It has a battery of supplied functions to answer statistical, engineering and financial needs.
In addition, it can display data as line graphs, histograms and charts, and with a very limited three-dimensional graphical display.
It allows sectioning of data to view its dependencies on various factors for different perspectives (using pivot tables and the scenario manager).
It has a programming aspect, Visual Basic for Applications, allowing the user to employ a wide variety of numerical methods, for example, for solving differential equations of mathematical physics, and then reporting the results back to the spreadsheet.
It also has a variety of interactive features allowing user interfaces that can completely hide the spreadsheet from the user, so the spreadsheet presents itself as a so-called application,
or decision support system (DSS), via a custom-designed user interface, for example, a stock analyzer, or in general, as a design tool that asks the user questions and provides answers and reports.
In a more elaborate realization, an Excel application can automatically poll external databases and measuring instruments using an update schedule,analyze the results, make a Word report or PowerPoint slide show, and e-mail these presentations on a regular basis to a list of participants.
Excel was not designed to be used as a database.
Microsoft allows for a number of optional command-line switches to control the manner in which Excel starts.
The Windows version of Excel supports programming through Microsoft's Visual Basic for Applications (VBA), which is a dialect of Visual Basic.

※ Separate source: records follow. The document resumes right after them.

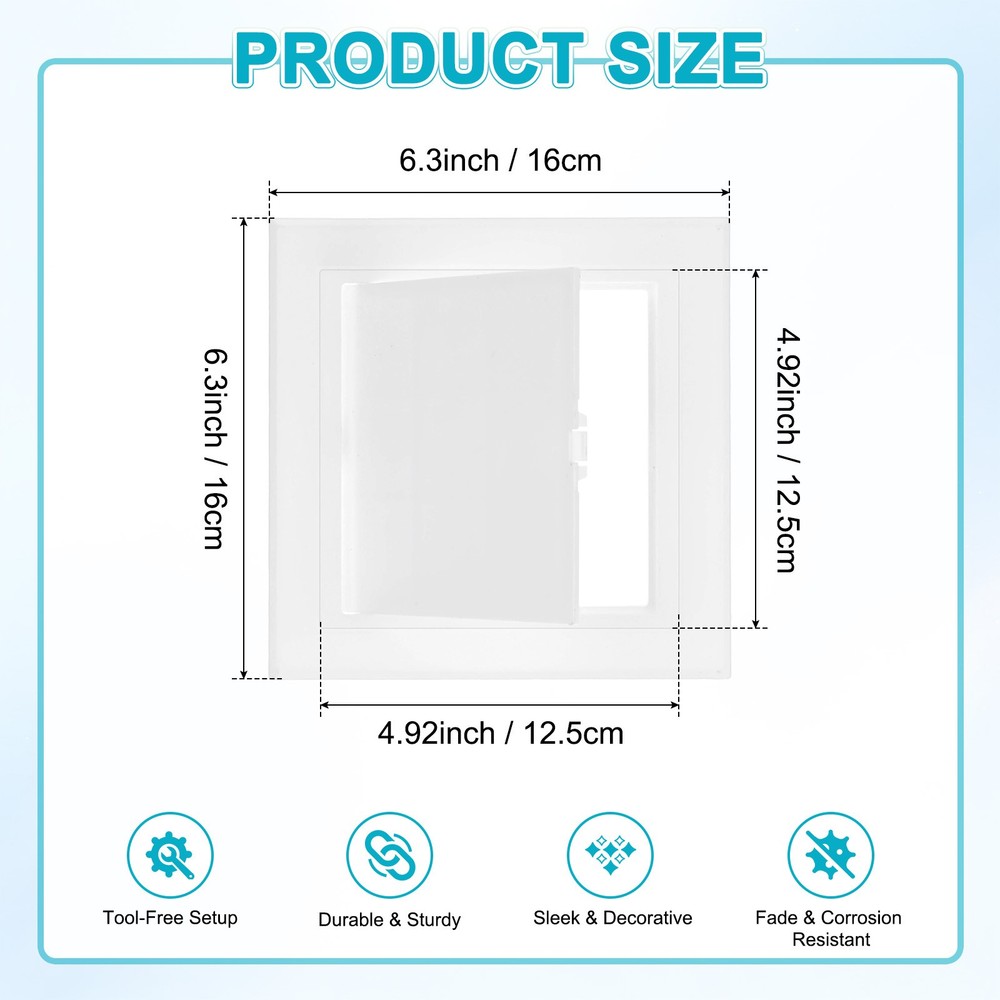 1-Pack Access Panel for Drywall, 4.9x5" Plastic Wall Hole Cover [White]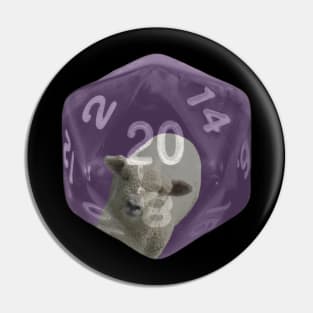 Nat20 Sheep on Purple Pin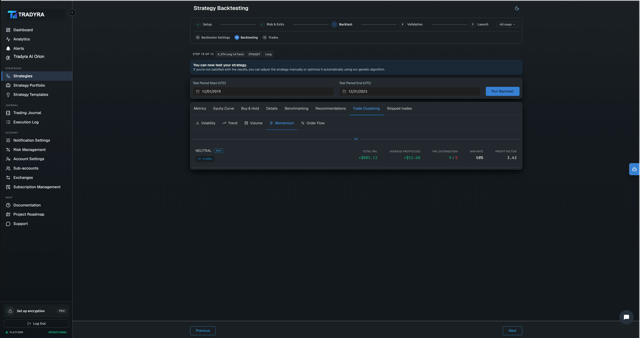 Tradyra strategy backtester results with historical performance metrics and charts — view 11 of 15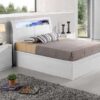 RUGBY HIGH GLOSS KINGSIZE BED WITH STORAGE & LED LIGHT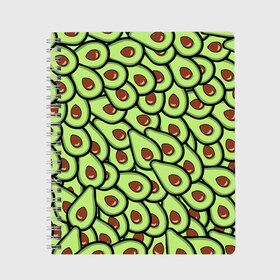 Тетрадь с принтом АВОКАДО , 100% бумага | 48 листов, плотность листов — 60 г/м2, плотность картонной обложки — 250 г/м2. Листы скреплены сбоку удобной пружинной спиралью. Уголки страниц и обложки скругленные. Цвет линий — светло-серый
 | Тематика изображения на принте: avocado | food | fruit | vegan | vegetarian | авокадо | веган | вегетарианство | еда | фрукты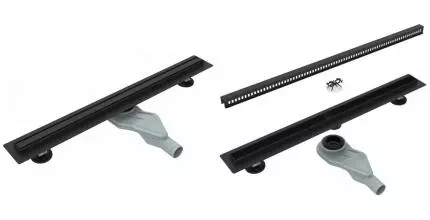 Душевой лоток «Esbano» Slim Side-60см боковой выпуск чёрный 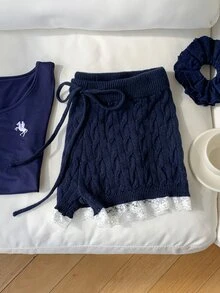 Comfortcana 女款腰部綁帶麻花編織休閒短褲 - 藏蓝色 - 查看 8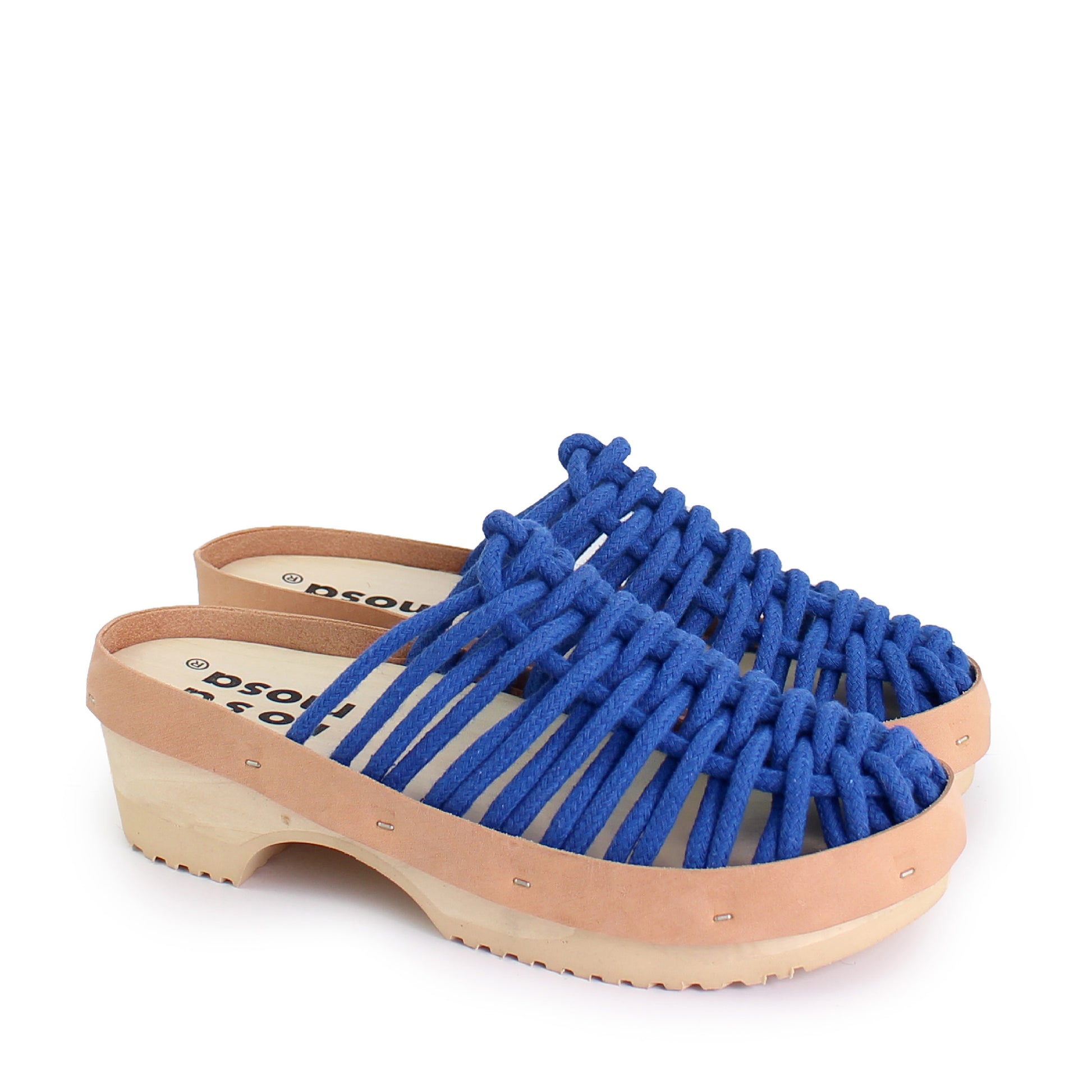 rosamosa panto blue cotton hand-woven net wooden clog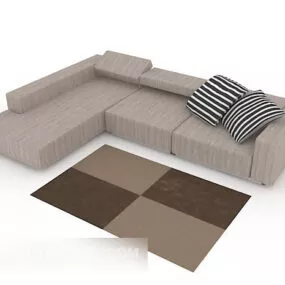 Simple Brown Fabric Sofa 3d model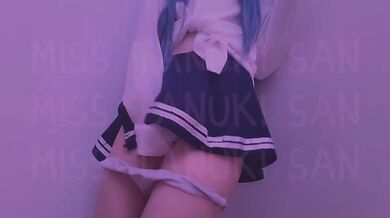 Schoolgirl strips in hotel hallway stroking her tight virgin pussy raw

Programming with VBA allows spreadsheet manipulation that is awkward or impossible with standard spreadsheet techniques.
Programmers may write code directly using the Visual Basic Editor (VBE), which includes a window for writing code, debugging code, and code module organization environment. The user can implement numerical methods as well as automating tasks such as formatting or data organization in VBA and guide the calculation using any desired intermediate results reported back to the spreadsheet.

VBA was removed from Mac Excel 2008, as the developers did not believe that a timely release would allow porting the VBA engine natively to Mac OS X.
VBA was restored in the next version, Mac Excel 2011, although the build lacks support for ActiveX objects, impacting some high level developer tools.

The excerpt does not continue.